Daha önceki yıllarda oportünizm ve reformizm kangrenine boyun eğmiş olmaları Birinci Dünya Savaşı öncesinde burjuvazinin tarafına geçmelerine neden olan sosyal şovenist sağ kanat liderliği altındaki pek çok sosyalist parti bu durumun bir örneğiydi. "Ulusal savunma" pozisyonu alarak İkinci Enternasyonal'in ölümünü belirleyen bu partiler savaş sonrasında devrimci dalgaya karşı çıkarak, 1918 Almanya örneğinde olduğu gibi proleteryanın cellatları olacak kadar ileri gittiler.
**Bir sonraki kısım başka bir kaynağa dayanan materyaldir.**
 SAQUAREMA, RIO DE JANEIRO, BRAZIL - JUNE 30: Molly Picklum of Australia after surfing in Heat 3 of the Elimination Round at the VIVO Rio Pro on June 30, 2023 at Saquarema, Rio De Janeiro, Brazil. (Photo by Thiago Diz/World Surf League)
Bu partilerin kendi burjuva devletleriyle kaynaşması Birinci Dünya Savaşı'nın patlak vermesinden sonra farklı zamanlarda gerçekleşti; fakat bu süreç 1920'lerin başlarında son proleter akımlar sosyalist partilerin saflarından atılıp Komünist Enternasyonal'e katılınca sona erdi.
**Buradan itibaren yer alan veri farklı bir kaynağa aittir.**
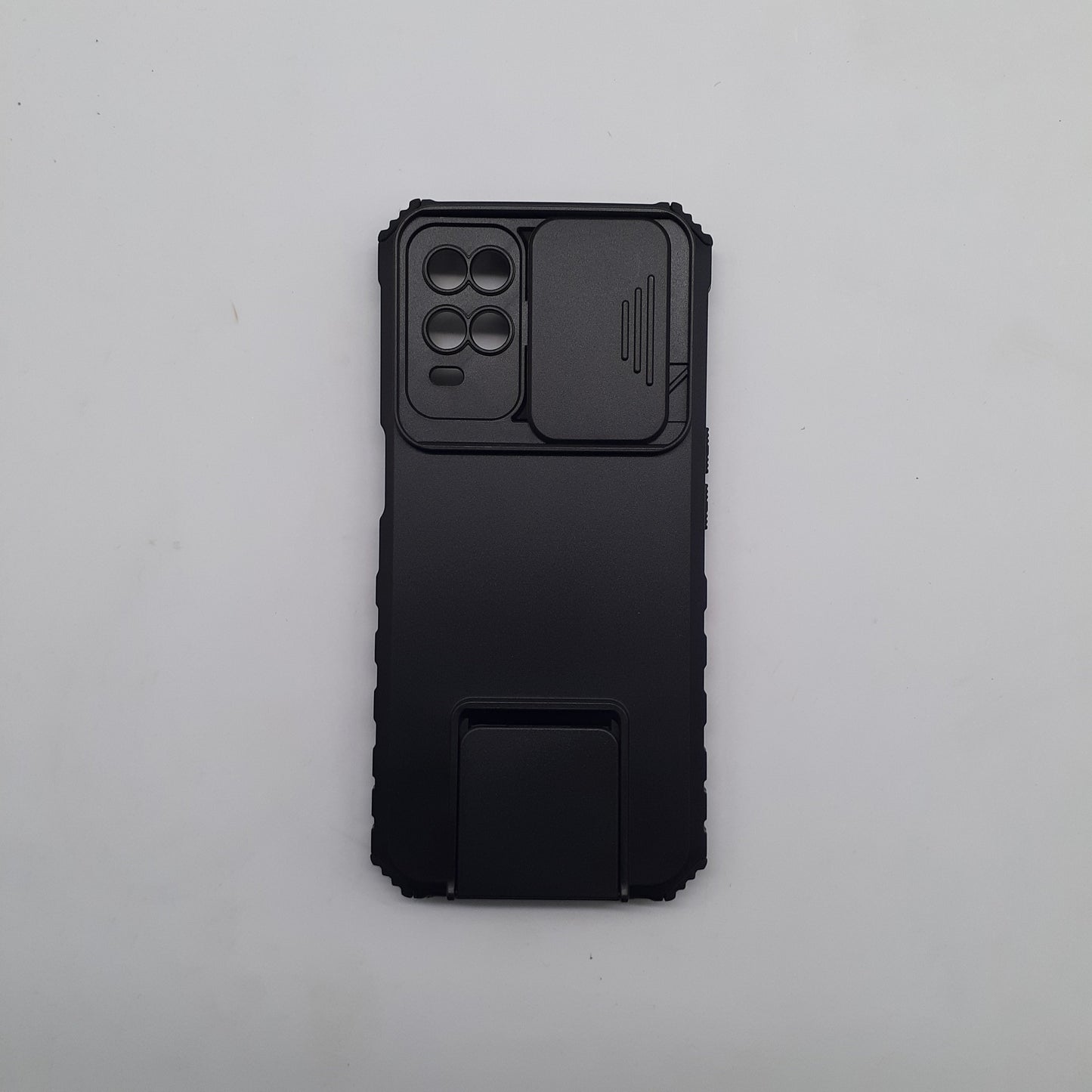 OPPO A54 Slide Camera Lens Protection Phone Case, Shockproof Armor Cover with Built-in Magnetic Ring Kickstand and Non-Slip Grip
Aynı şekilde Komünist Partiler de benzer bir oportünist yozlaşmanın ardından kapitalist saflara katıldılar. Bu süreç 1920'lerin başından, Komünist Enternasyonal'in (1928'de "Tek Ülkede Sosyalizm" teorisi kabul edildiği zaman gerçekleşen) ölümüne dek sürdü. Bu partilerin kapitalist devletle tamamen kaynaşmaları, 1930'ların başında kendi burjuvazilerinin silahlanmasına destek verip "halk cephelerine"katılmalarıyla gerçekleşti. Sol fraksiyonların sert mücadelesi komünist partileri yozlaşmaktan alıkoyamamıştı. İkinci Dünya Savaşı sırasında "Direniş" hareketlerinde ve savaşın ardından "ulusal yeniden yapılanma" dönemlerinde aldıkları roller, onların ulusal sermayenin sadık ajanları ve karşı-devrimin en saf imgesi olduklarını doğruladı.
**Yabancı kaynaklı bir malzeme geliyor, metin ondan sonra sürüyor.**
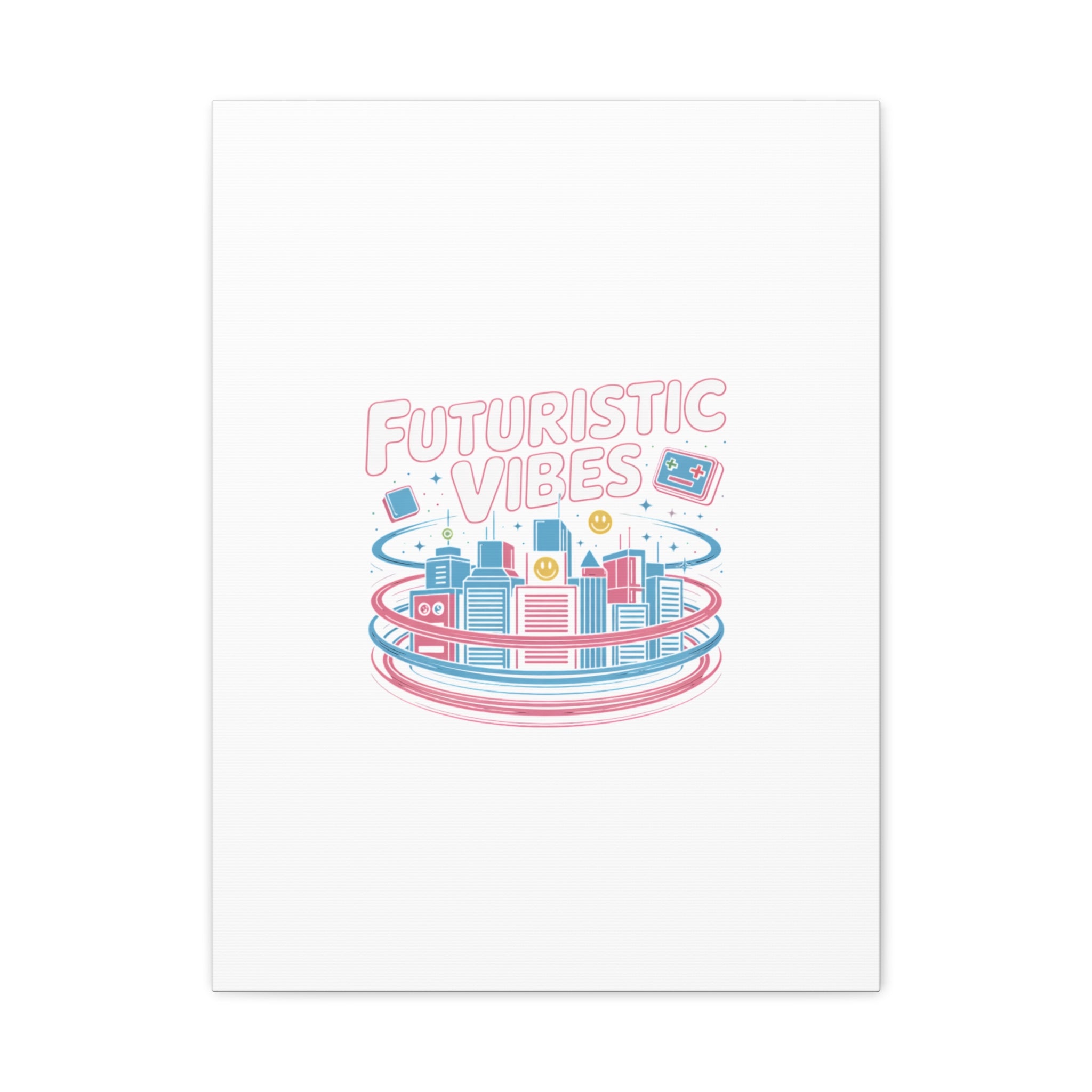 Futuristic Vibes Canvas, Y2K cyber holo aesthetic, retro tech print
Bütün sözde "devrimci" akımlar, örneğin burjuvazinin tarafına geçmiş partilerin değişik bir biçimi olan Maoizm, komünist partilerin ihanetine proleter bir tepki verdikten sonra benzer bir yozlaşma sürecine giren Troçkizm ve "anti-faşist ittifak" gibi sosyalist ve komünist partilerin savunduğu kimi yaklaşımları yineleyen geleneksel anarşizm aynı saflardadır: Sermayenin safları. Etkilerinin daha az veya söylevlerinin daha radikal olması, programlarının burjuva temellerini değiştirmez, tam aksine onları bu partilerin işe yarar çığırtkanları yapar.